Dans l’Ile-de-France, au contraire, à la fin du règne de Louis XIV, l’élection de Saint-Florentin ne contenait, au dire du subdélégué, que 12,000 arpens de terres « vaines et vagues, » sur un territoire de 120,000 arpens ; soit le dixième, proportion assez semblable à celle de la France actuelle, malgré tous les défrichemens qui ont été opérés depuis deux siècles : 4,400,000 hectares incultes, contre 44,600,000 hectares productifs. Seulement, aujourd’hui, ces quatre millions et demi d’hectares incultes appartiennent presque exclusivement à quinze ou seize de nos départemens (Hautes et Basses-Alpes, Hautes et Basses-Pyrénées, Savoie, Corse, Lozère), pays de montagnes, rebelles à l’homme, tandis que les 120,000 arpens de Saint-Florentin étaient situés dans le département de l’Yonne, qui ne contient actuellement que 6,400 hectares improductifs contre 719,000 hectares en culture, soit moins de 1 pour 100. Depuis l’an 1700, le patrimoine en valeur s’est donc accru ici des neuf dixièmes de la friche.

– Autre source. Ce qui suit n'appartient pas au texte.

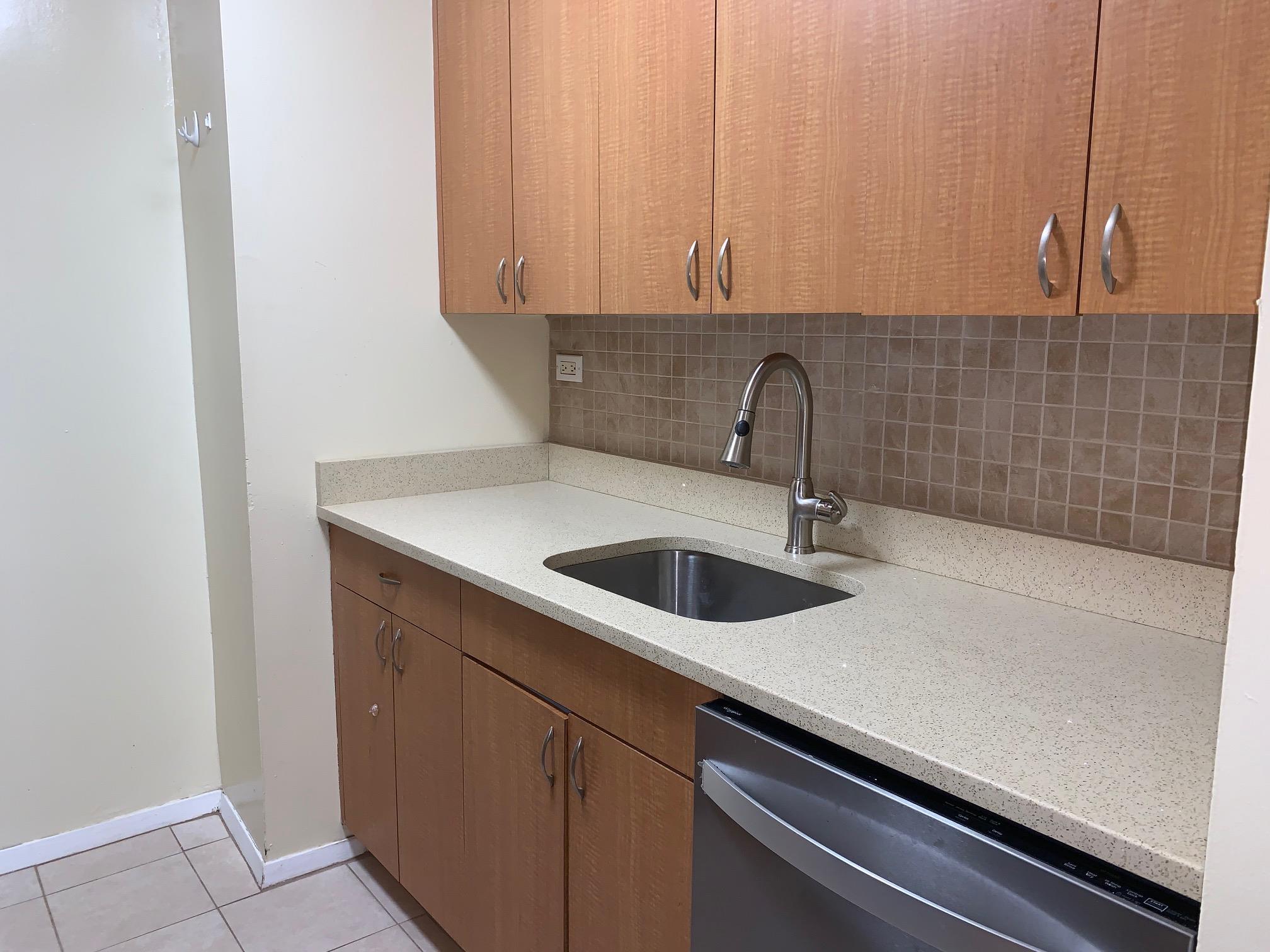 Apartment Union  Queens, NY 11358, MLS-850453-9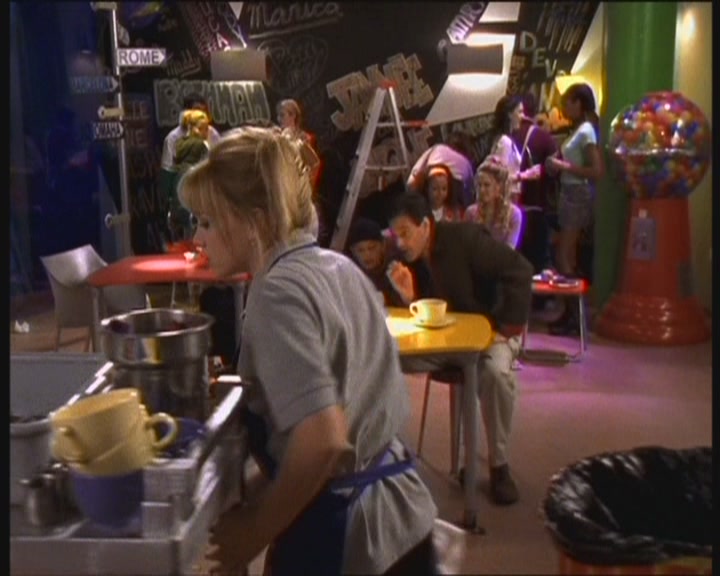DailyDuff-dot-org_LizzieMcGuire-WorkingGirl0950.jpg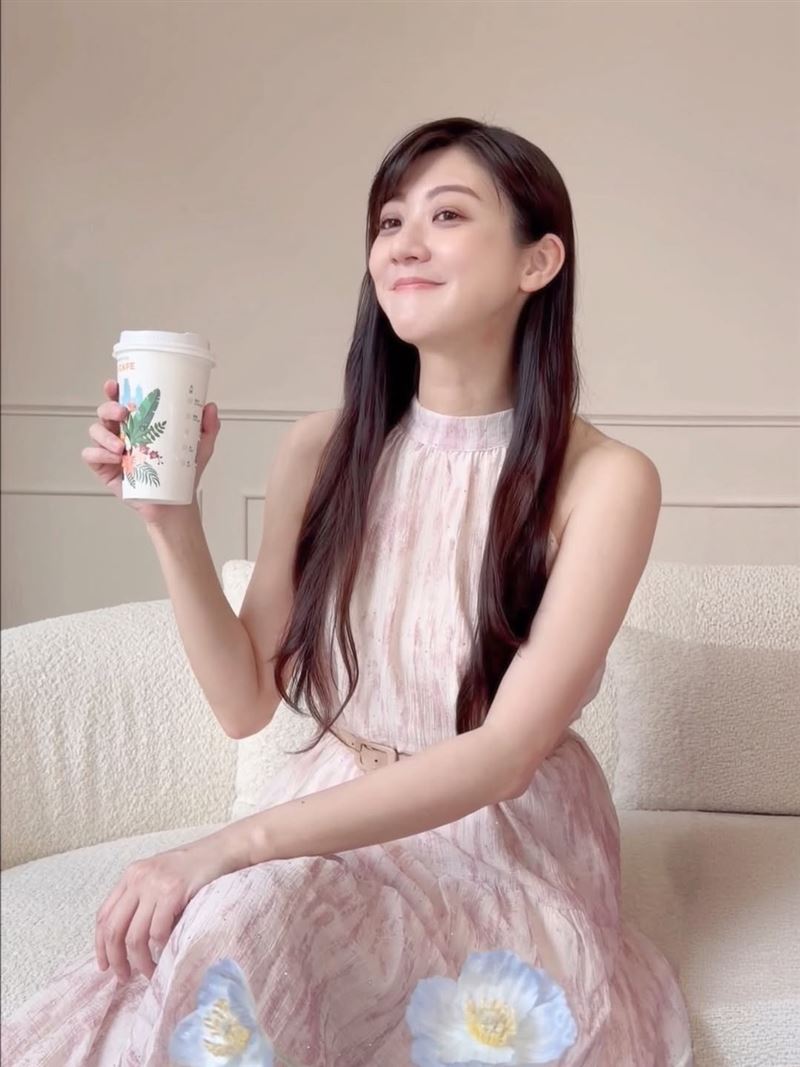 林逸欣曬喝咖啡美照。（圖／翻攝自IG @sharalinmusic）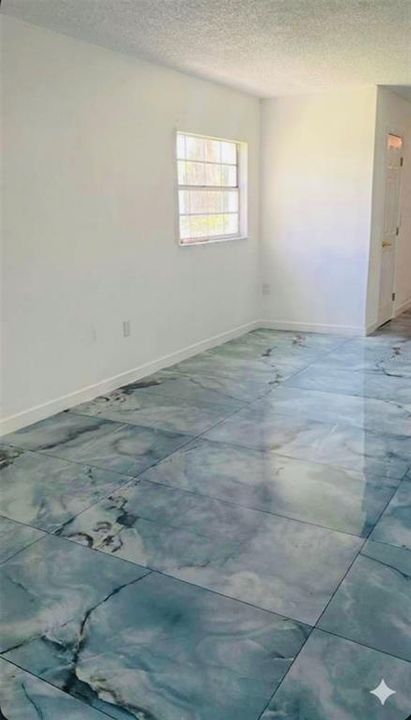 For Sale: $145,000 (2 beds, 2 baths, 1008 Square Feet)
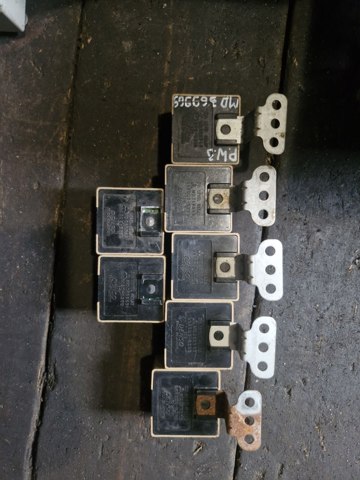 Реле датчика рівня олії MD369969 MITSUBISHI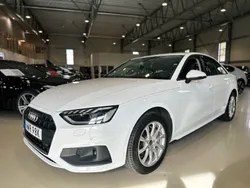 Vit Begagnad 2021 Audi A4 Proline Sedan | 319 800 kr (Marknadspris)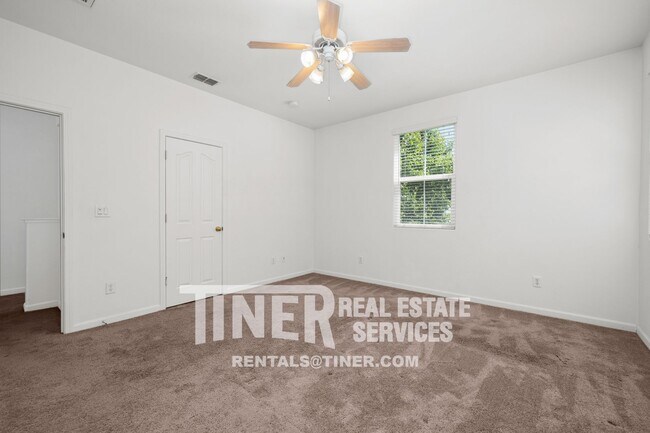 Building Photo - Beautiful North Natomas Home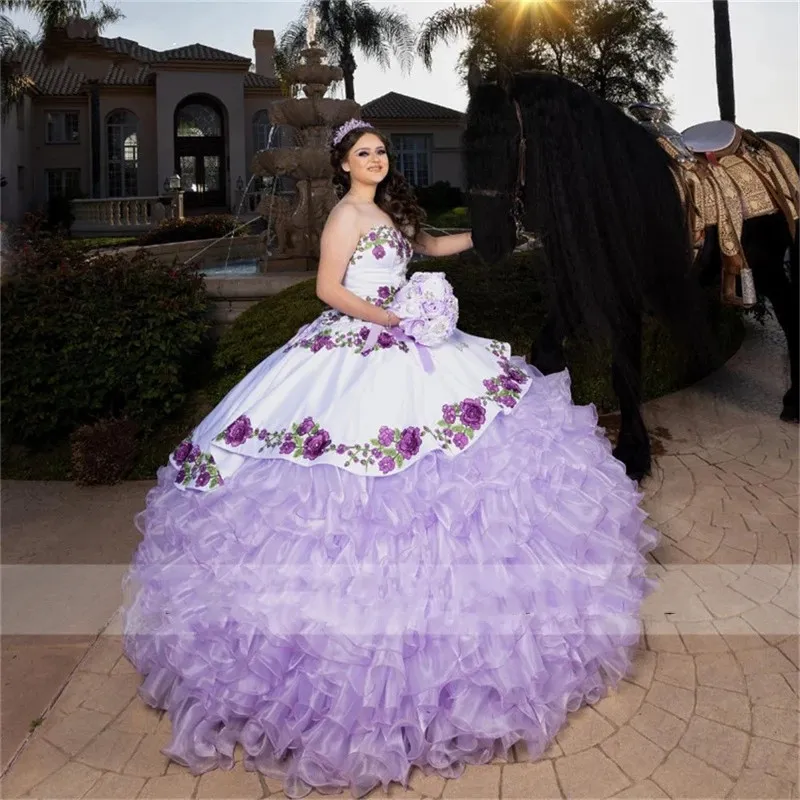 اللافندر المكسيكي الأميرة الكرة ثوب Quinceanera فساتين الزهور الزهور حبات الكشكشة حفلة حفلة موسيقية للبنات 15th 322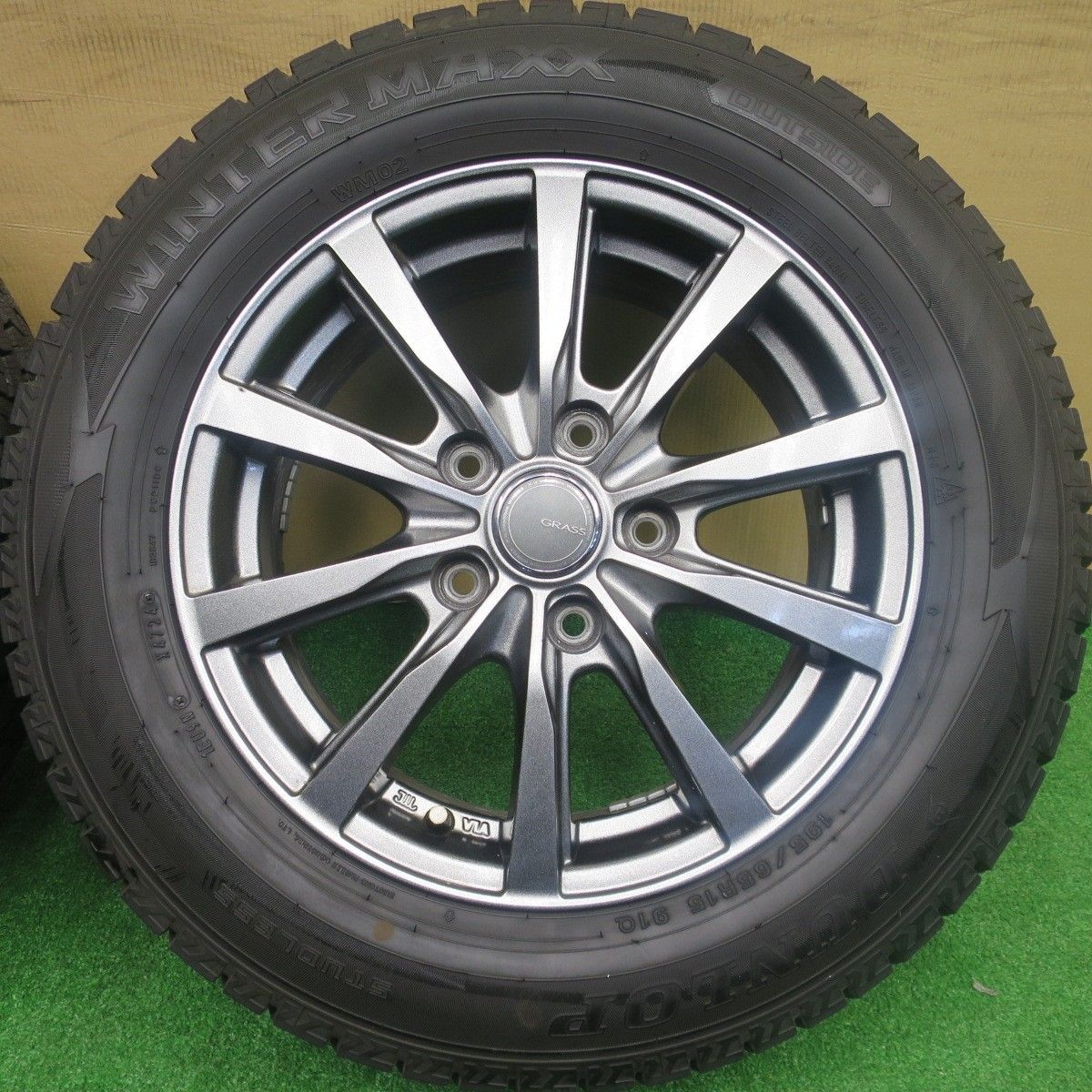 バリ溝！24年！キレイ！ほぼ10分☆スタッドレス 195/65R15 ダンロップ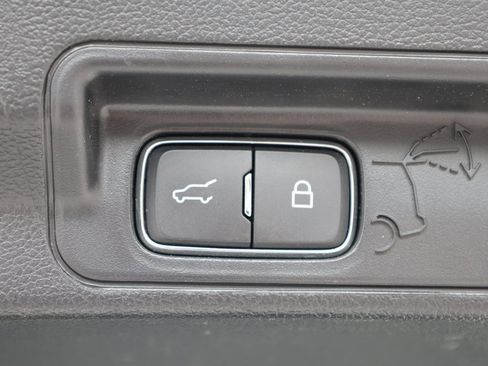 Used 2022 Ford Explorer XLT w/ Equipment Group 202A image 9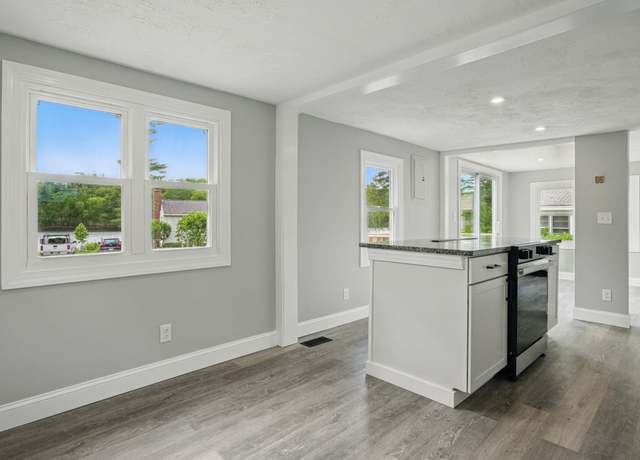 Property at 3 Hanson Way, Hollis, NH 03049, 1 bed, 1 bath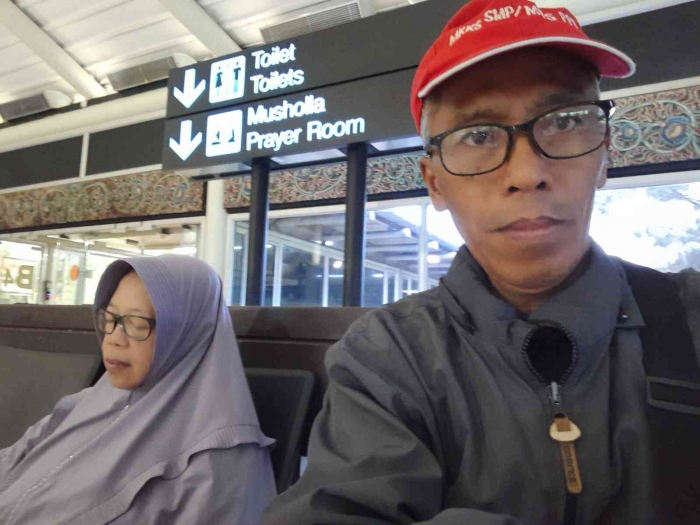 Berada di ruang tunggu Gate 4 bandara Soeta (dokpri)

« En Gaule, dit Lactance, pendant le déclin de l’empire romain, si nombreux étaient ceux qui recevaient en comparaison de ceux qui payaient, si lourd était le fardeau des impôts que le laboureur succomba sous la tâche ; les champs furent abandonnés et des forêts s’élevèrent là où la charrue avait passé… » Il faut se défier en ces matières de l’affirmation trop absolue d’historiens qui laissent tomber de leur plume, pour arrondir une phrase, des formules qui ne sont que très partiellement vraies. Les communautés monastiques défrichèrent énormément aux VIe et VIIe siècles, ce qui prouve qu’il y avait alors beaucoup de sol inculte, mais ce qui ne prouve pas que ce sol eût jamais été cultivé. Toutefois, sans sortir des six siècles qui font l’objet de notre examen, nous devons reconnaître que le retour de la terre labourée à la lande n’est pas chose extraordinaire : le fait se produisit en France, sur une vaste échelle, du milieu du XIVe siècle jusqu’au milieu du XVe. Il se produisit encore, quoique à un degré incomparablement moindre, dans les dernières années du XVIIe siècle et dura jusqu’au premier tiers du XVIIIe. Aux deux époques la terre baissa de prix et la population diminua.